Seorang turis berjalan di Tembok Besar Badaling, di Beijing, Tiongkok, 26 Maret 2020, | EPA-EFE/ROMAN PILIPEY

Kronik

Sambil Berpuasa Mendaki Tembok Besar Cina

Oleh KAMRAN DIKARMA, dari Beijing

Wartawan Republika Kamran Dikarma diundang dalam program  mengikuti program China International Press Center (CIPC) 2024, untuk menghabiskan waktu di sejumlah tempat di Negeri Tirai Bambu. Ia juga menuliskan hubungan peradaban Islam dengan negeri tersebut. Berikut liputannya.

Akhirnya saya menginjakkan kaki di Tembok Besar Cina, salah satu mahakarya arsitektur yang sudah ditetapkan sebagai Situs Warisan Dunia oleh UNESCO. Pengalaman perdana ke situs bersejarah itu menarik karena berlangsung ketika Ramadhan. 

Bagian dari Tembok Besar Cina yang saya kunjungi adalah Juyongguan, yakni yang paling terdekat dari Lapangan Tiananmen, Beijing. Jaraknya dari pusat kota Beijing sekitar 60 kilometer. Pada 22 Maret 2024, saya bersama para peserta program China International Press Center (CIPC) diajak berkunjung ke Juyongguan. Program CIPC diikuti 100-an jurnalis dari lebih 90 negara. 

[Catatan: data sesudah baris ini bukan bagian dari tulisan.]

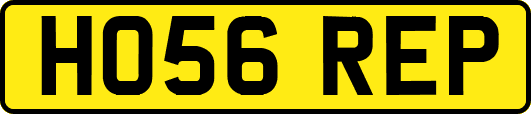 HO56REP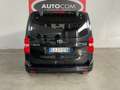 Toyota Proace electric 75 kWh L1 Medium D Executive Noir - thumbnail 6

Saya dan para jurnalis peserta CIPC tinggal di Jianguomen Diplomatic Residence Compound (DRC) di Distrik Chaoyang. Pada hari ketika kunjungan ke Juyongguan dilakukan, kami berkumpul sejak pukul 07.30 pagi. Sebelum berangkat, tim panitia program CIPC membagikan sarapan berupa roti dan air mineral yang sudah dikemas kepada para peserta. Saya turut ditawari. Tapi saya bilang kepada mereka sedang berpuasa. 

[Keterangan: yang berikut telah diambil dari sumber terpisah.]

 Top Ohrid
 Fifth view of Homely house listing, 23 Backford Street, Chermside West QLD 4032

Di sela-sela momen tersebut, jurnalis asal Pakistan, Salam Khan Jogezai, tiba dan bergabung dengan para jurnalis dari grup Asia Pasifik yang sudah datang terlebih dulu. Salam berusia 44 tahun, salah satu peserta CIPC paling senior. Saya pun menyapa Salam begitu dia tiba. “Apa Anda berpuasa hari ini?” tanya saya sambil tertawa kepada Salam. 

Salam dengan ramah menjawab, “Tentu. Tidak perlu khawatir, kita pasti bisa (berpuasa)”. Pertanyaan soal puasa kepada Salam memang sengaja saya lontarkan. Sebab sehari sebelumnya, pihak panitia CIPC mengimbau para peserta untuk membawa makanan ringan dan minuman saat berkunjung ke Juyongguan. Perbekalan itu disebut akan sangat berguna bagi para jurnalis yang berminat mendaki sisi  pegunungan barat Juyongguan.   

photo
Tembok Besar bagian Juyongguan terlihat di lereng bukit menjelang Olimpiade Musim Dingin 2022, Senin, 31 Januari 2022, di pinggiran kota Beijing. - (AP/Mark Schiefelbein)

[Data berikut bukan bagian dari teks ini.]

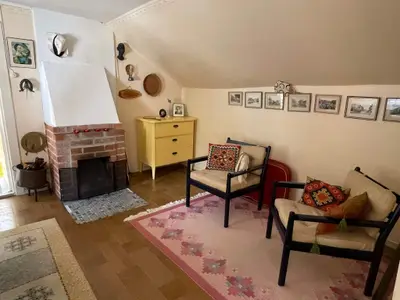 Indoor
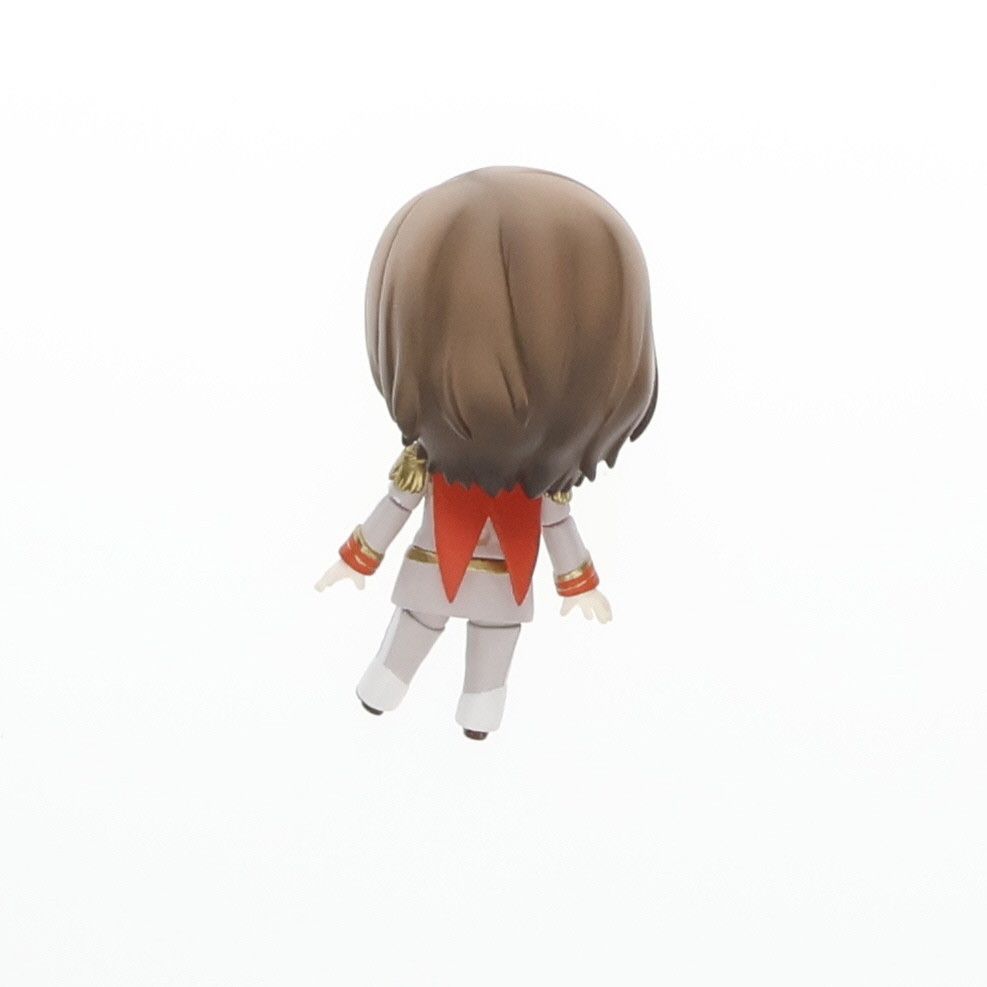 ねんどろいど 1189 明智吾郎(あけちごろう) 怪盗服Ver. PERSONA5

Saat tengah berbincang dengan Salam, jurnalis Muslim lainnya asal Afghanistan, Hasib Noor Mal, menghampiri kami dan melontarkan pertanyaan yang sama seperti saya. Saya dan Salam kompak menjawab berpuasa. Hasib, yang usianya tampaknya 30-an akhir, tertawa seraya menyatakan bahwa dirinya juga berpuasa. 

Begitu tiba di Juyongguan, sebelum mendaki Tembok Besar, para jurnalis peserta CIPC diajak berkeliling ke Museum Hu Chao Xing Shu yang berada di area bawah. Tur museum bertujuan memberi informasi ringkas tentang Juyongguan Pass. Juyongguan adalah benteng terbesar di sepanjang Tembok Besar Cina. Ia dijuluki "The First Strong Pass Under Heaven”. 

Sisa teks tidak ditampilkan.